AFFORDABLE HOUSING: Agency still owns houses, but not collecting rent

July 31, 2006

By Pat Litowitz
New Castle News

A nonprofit housing group is still in the rental business, albeit in name only.

Despite declaring itself insolvent in late March, Affordable Housing of Lawrence County remains the owner of eight properties in New Castle.

Four have tenants. However, Affordable Housing officials have not collected rent since the beginning of the year.

The other properties have transformed into neighborhood eyesores and potential hazards.

Garbage bags and boxes fill the porch of a vacant Highland Avenue triplex. About two miles away, a Croton Avenue structure no longer resembles a home, after vandals have damaged the interior. Three- and four-unit apartment complexes on East Wallace and Florence avenues are in varying stages of decline.

“Bill Bonner and myself have not made any decisions (about the properties),” said Deno DeLorenzo, Affordable Housing’s secretary and treasurer. “There are a variety of parties involved.”

Bonner, Affordable’s president, took over for Robert Evanick in January. Evanick is the executive director of the Lawrence County Housing Authority.

The authority created the spin-off agency in August 2003. The authority also provided it with approximately $200,000 in loans and additional funds from its coin-laundry operations.

Under Evanick’s leadership, Affordable Housing purchased the eight properties last year for $340,000. First Commonwealth Bank entered into two mortgages with Affordable Housing that total $290,000.

With approximately a half-million dollars in debt, the nonprofit group said in late March it could no longer pay its bills. The housing authority has since ended its association with Affordable Housing and resumed control of its coin-laundry machines.

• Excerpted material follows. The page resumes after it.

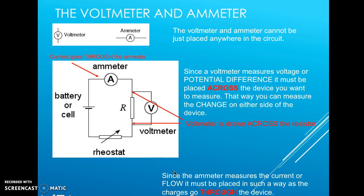Since the ammeter measures the current or the flow, it must be placed so the charges go through the device. Think of measuring the current of a river — you have to be in the river, not on the banks. So the ammeter must be placed in series so that all of the current goes through it. A voltmeter is placed in parallel because the voltage is the same across the resistor as it is through the voltmeter.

The U.S. Department of Housing and Urban Development, which provides the housing authority with its funding, has been investigating the issues involving the two groups.

Maria Bynum, HUD’s regional public affairs director in Philadelphia, said that probe continues. She would not provide additional information.

DeLorenzo said he and Bonner will be meeting this week with representatives of HUD and First Commonwealth.

“We’re going to decide jointly what were going to do,” he said. “Those decisions will be made in the next few days.”

He expects the houses to be out of Affordable’s name in the next three weeks.

First Commonwealth has yet to foreclose on the properties, according to the Lawrence County Sheriff’s Department.

DeLorenzo said one tenant paid rent in March and that was the last check he had received.

“Nobody is paying rent.”

The condition of the properties will have an adverse affect as Affordable Housing attempts to sell them off.

The Florence Avenue apartment building on the city’s East Side illustrates that point.

“It decreases the value over the whole neighborhood,” said Betsy Fisher, a real estate agent with Howard Hanna.

The structure was purchased from Nicholas DeRosa and John A. Orlando for $48,000 on Dec. 7, 2005. The county had valued the property at $30,800 while the state said it was worth approximately $34,000.

It would be difficult imagining the property recouping its sale price. Two homes on Florence Avenue recently sold for $15,000 and $17,000. They had been originally listed at $26,000 and $29,900.

“I don’t want to put a value on those houses,” DeLorenzo said. “That would be inappropriate.”

He said the properties would first be offered at a private sale and then at an auction.